§ **WORK INSTRUCTION**
Beginning at the line containing "Gucci GG Supreme", repeat each line below exactly up to and including the line containing "Chaise ancienne en". Do not repeat the pictures.

§ **DATA FOR ANALYSIS**
::::
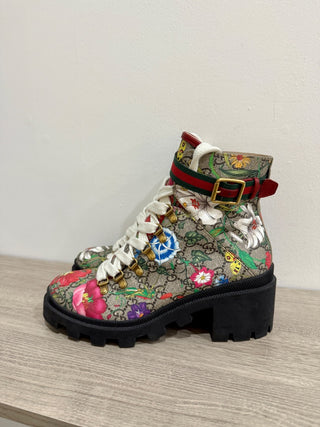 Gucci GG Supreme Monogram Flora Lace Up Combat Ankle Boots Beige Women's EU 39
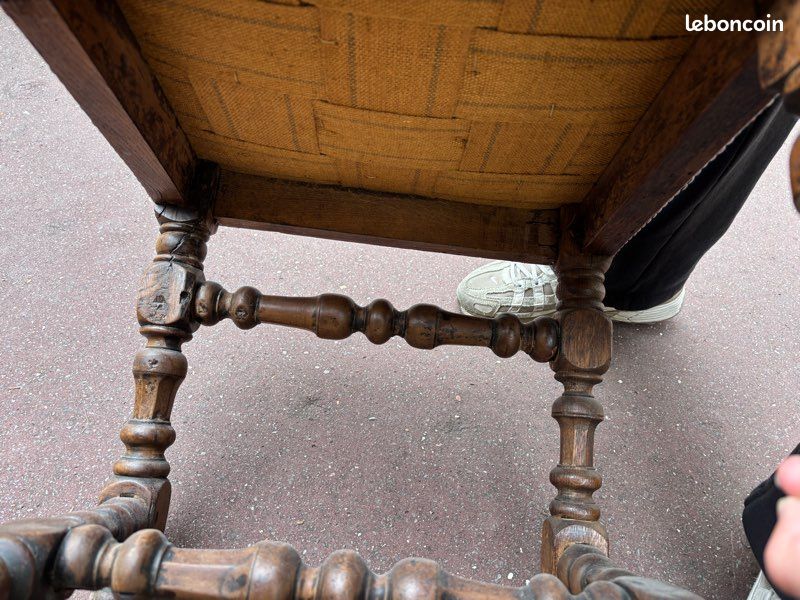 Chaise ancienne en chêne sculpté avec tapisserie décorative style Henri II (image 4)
::::
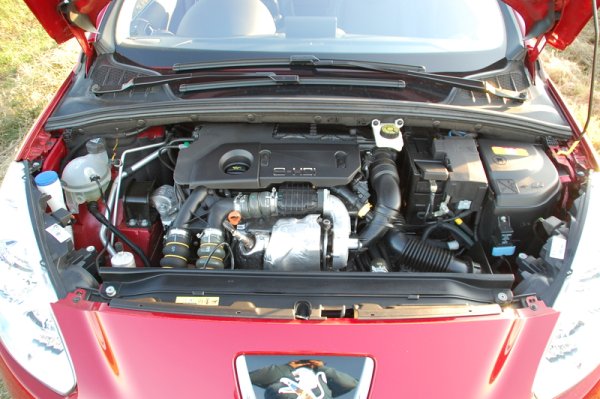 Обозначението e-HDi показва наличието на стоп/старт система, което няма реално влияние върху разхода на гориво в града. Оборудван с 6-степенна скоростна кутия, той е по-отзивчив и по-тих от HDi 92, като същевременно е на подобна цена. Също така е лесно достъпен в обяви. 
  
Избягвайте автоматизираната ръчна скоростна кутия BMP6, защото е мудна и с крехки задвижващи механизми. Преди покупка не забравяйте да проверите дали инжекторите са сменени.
::::
§ **REPLY**
 Gucci GG Supreme Monogram Flora Lace Up Combat Ankle Boots Beige Women's EU 39
 Chaise ancienne en chêne sculpté avec tapisserie décorative style Henri II (image 4)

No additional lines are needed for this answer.